TAPO: Task-Referenced Adaptation for Prompt Optimization
Wenxin Luo, Weirui Wang, Xiaopeng Li, Weibo Zhou, Pengyue Jia, Xiangyu Zhao
TL;DR
The paper tackles the inefficiency and lack of task specificity in automated prompt optimization by introducing TAPO, a multitask-aware framework that dynamically selects task-relevant metrics and evaluates prompts with a multi-metric score. TAPO combines a task-driven metric selection module, a metric fusion evaluator with dynamic weights, and an evolution-based prompt optimizer that uses mutation and tournament selection to progressively improve prompts. The core mechanism is the multi-objective score $S(\mathcal{P}) = \sum_{i=1}^{n} w_i \cdot M_i(\mathcal{P})$, which integrates multiple criteria such as similarity, diversity, perplexity, and complexity.

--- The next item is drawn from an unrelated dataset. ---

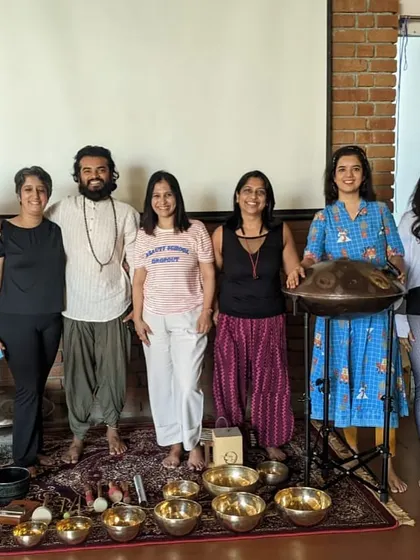 A smaller group photo from the BNI workshop, with some of the instruments we used. It is always a joy to share these healing tools with new people.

Empirical results on six public datasets across GPT-3.5-turbo, GPT-4o, and Llama3-8B-Instruct show TAPO yields strong, task-adaptive performance and robust generalization, with ablations confirming the importance of both multi-metric evaluation and evolution-based optimization; the authors also release open-source code for replication.
Abstract
Prompt engineering can significantly improve the performance of large language models (LLMs), with automated prompt optimization (APO) gaining significant attention due to the time-consuming and laborious nature of manual prompt design. However, much of the existing work in APO overlooks task-specific characteristics, resulting in prompts that lack domain specificity and are not well-suited for task-specific optimization. In this paper, we introduce TAPO, a multitask-aware prompt optimization framework composed of three key modules. First, a task-aware metric selection module is proposed to enhance task-specific prompt generation capabilities. Second, we present a multi-metrics evaluation module to jointly evaluate prompts from multiple perspectives. Third, an evolution-based optimization framework is introduced for automatic prompt refinement, which improves adaptability across various tasks. Extensive experiments on six datasets demonstrate the effectiveness of our approach, and our code is publicly available.